Sometimes the food looks great straight from the camera, but sometimes it can use a little bit of editing. I try to get the photos right in the frame so that I don’t have to do much adjusting later. I do the majority of my photo editing in Adobe Lightroom and sometimes use Adobe Photoshop as an additional tool.

I go into greater detail about my photography process in this post:

Food Photography Tips

I receive many emails regarding the type of camera and lenses I use, so I put together a list of my equipment below. Please note that I don’t use any type of external flashes, bounces or extra photography equipment.

Brown Eyed Baker Photo Equipment

  • Canon EOS 5D Mark III. I have been shooting with this full-frame camera since December 2012; prior to that I was using the Canon EOS Rebel T2i dSLR Camera, which I had been shooting with since December 2010. I originally started the blog shooting with a Canon PowerShot point and shoot camera, and then moved to a Panasonic Lumix before heading down the dSLR road. I have been incredibly happy with this camera, and have found the array of Canon lenses more than meet my needs for food photography.
  • Canon 100mm f/2.8L Macro Lens. This has become my go-to lens for food photography and I take about 95% of my photos with it; it’s a very tight lens at 100mm so you have do some moving when framing shots, but the amount of detail that it’s able to capture is phenomenal.
  • Canon 50mm f/1.4 Lens. The first lens that I bought with my first dSLR was the 50mm 1.8, and then upgraded to the f/1.4 version in early 2012. It’s a great all-around lens that can be used for food photos, as well as portraits and everyday photography.
  • Canon 35mm f/1.4L Wide Angle Lens. This is an absolutely phenomenal lens for everyday photography and/or travel. I have taken it with me on a couple of trips, and the quality of the photos is amazing. I don’t use it as often for food photography, but it does come in handy when I am taking “process” photos and need a wider angle than a 50mm lens provides.
  • Canon 24-70mm f/2.8L Zoom Lens. This is a great all-purpose lens if you’re not quite sure what zoom length you will need for a given project or trip. I rarely use it for food photography, but it is great when you need a range of zoom lengths. It was the perfect choice when we visited the National Air Force Museum.
  • Canon 70-300mm f/4-5.6L Telephoto Zoom Lens. This is not a lens that I’ve ever used for food photography, but it is seriously amazing if you attend sporting events of any kind. It took fabulous pictures at the Western & Southern Open tennis tournament, and it captures great shots of the moon!
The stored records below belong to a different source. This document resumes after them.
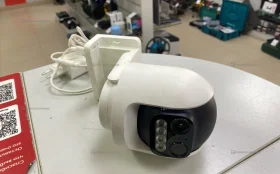 Купить Видеокамера Xiaomi Outdoor CW700S б/у , в Тольятти Цена:2390рублей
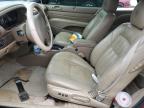 2004 Chrysler Sebring Lxi de vânzare în Louisville, KY - All Over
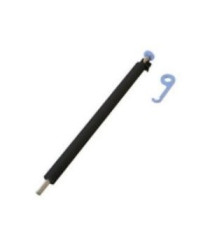 Rullo di trasferimento con ingranaggio Transfer Roller W/Gear compatibili per HP LaserJet 4000,4050 RG5-4283-000 Rullo di trasferimento con ingranaggio Transfer Roller W/Gear compatibili per HP LaserJet 4000,4050 RG5-4283-000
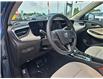 2026 Buick Encore GX Preferred (Stk: 26-229) in Listowel - Image 4 of 10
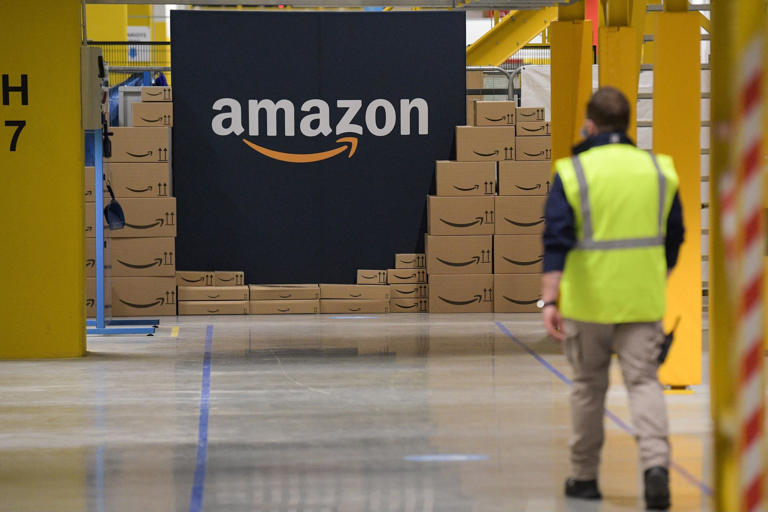 List of companies laying off employees in January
The biggest piece of advice I can give to anyone with questions on food photography is to read as much as you can and then practice, practice, practice. The more familiar you are with your camera and its functions, the better you understand how the light affects the resulting photos, and more comfortable you become adjusting setting on the fly, the better your photos will become. It takes time and practice. Find some photos in magazines or on websites that you like, and try to recreate them, giving yourself little assignments. The more you shoot, the better! Most importantly, have fun!